> _Task to complete_: The listing below begins with the first line you should copy; stop after the line containing "Slide: The Image", and drop every picture.

> _Provided data_:
* * * *

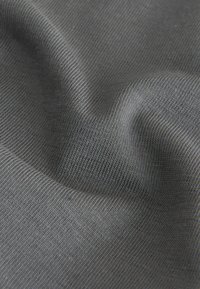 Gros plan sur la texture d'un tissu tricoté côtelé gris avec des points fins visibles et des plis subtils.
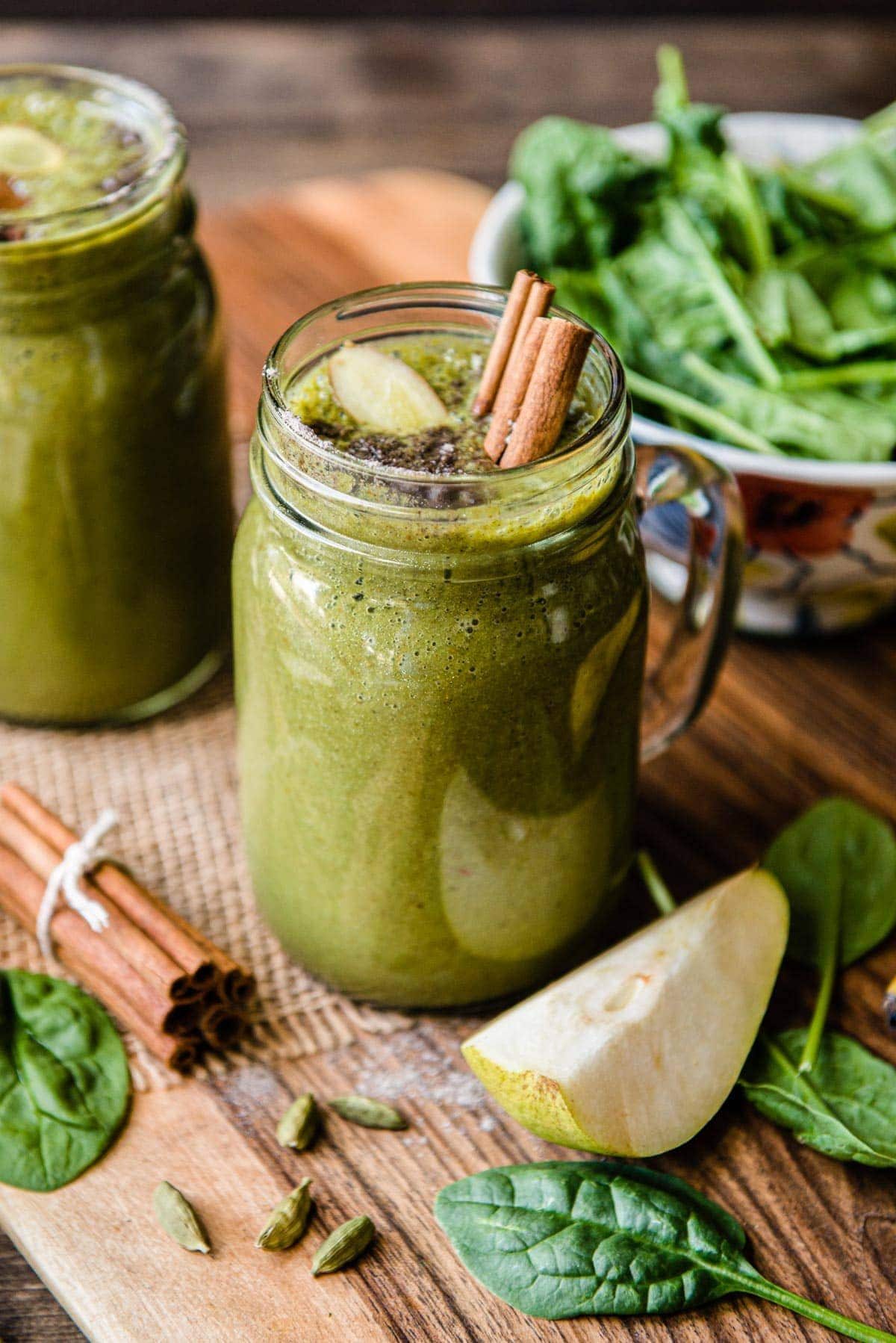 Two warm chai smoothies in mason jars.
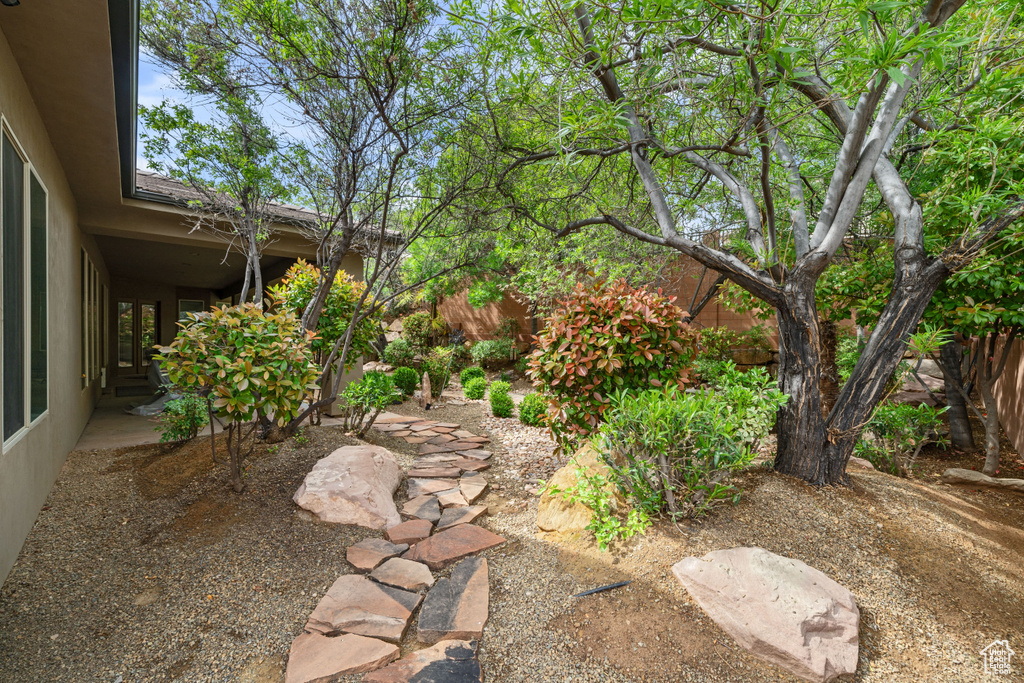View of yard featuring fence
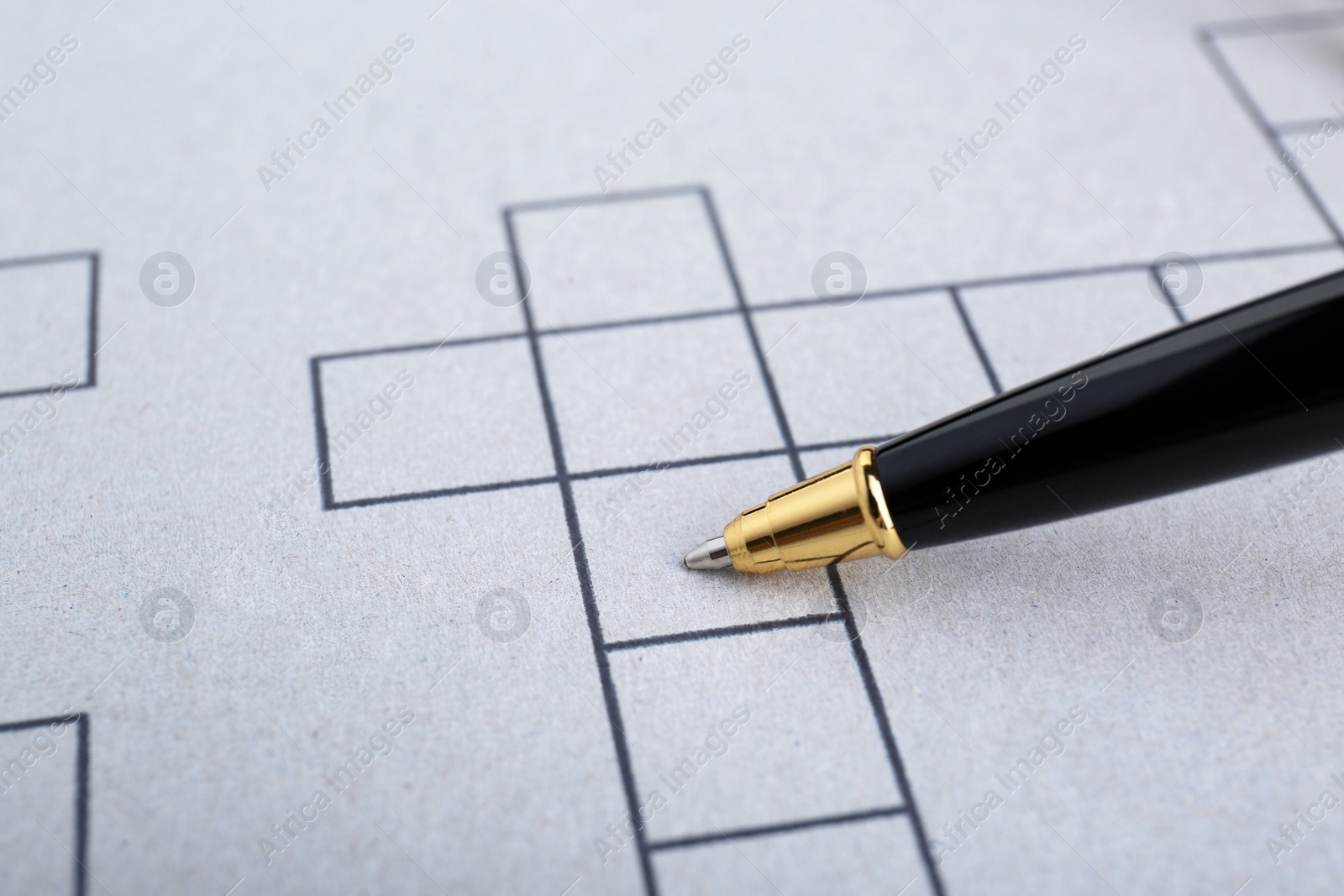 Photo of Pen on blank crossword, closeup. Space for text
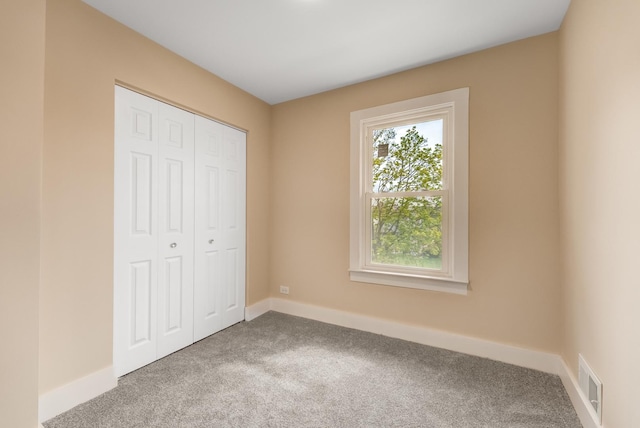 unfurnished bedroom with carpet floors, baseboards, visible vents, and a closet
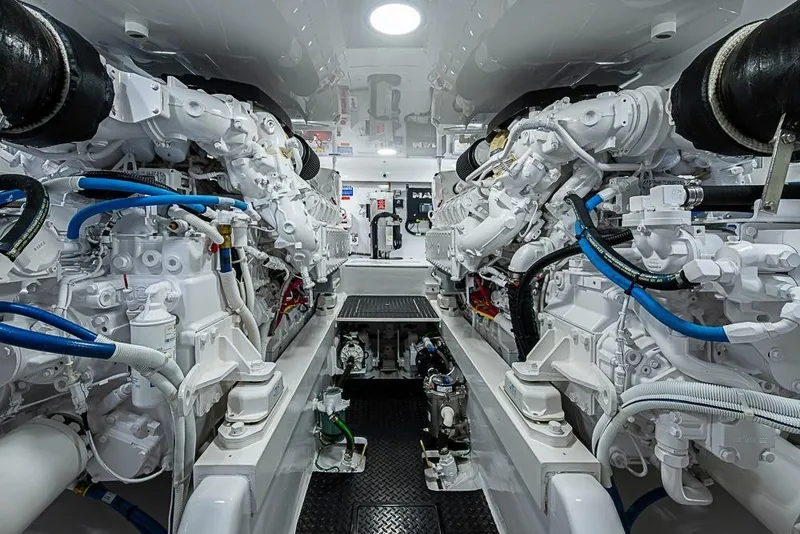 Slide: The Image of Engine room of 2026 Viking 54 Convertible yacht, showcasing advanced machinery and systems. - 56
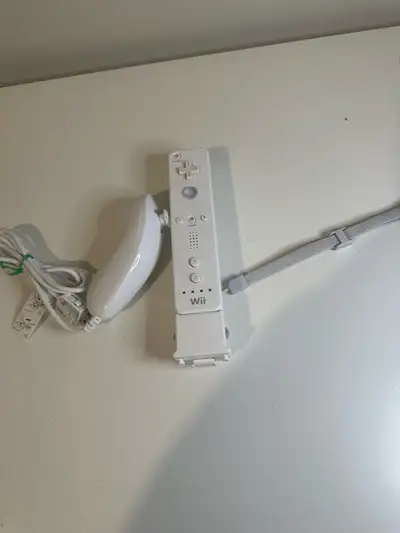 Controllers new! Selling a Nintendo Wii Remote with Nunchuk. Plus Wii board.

* * * *

> _Response below_:
 Gros plan sur la texture d'un tissu tricoté côtelé gris avec des points fins visibles et des plis subtils.
 Two warm chai smoothies in mason jars.
View of yard featuring fence
 Photo of Pen on blank crossword, closeup. Space for text
 unfurnished bedroom with carpet floors, baseboards, visible vents, and a closet
 Slide: The Image of Engine room of 2026 Viking 54 Convertible yacht, showcasing advanced machinery and systems. - 56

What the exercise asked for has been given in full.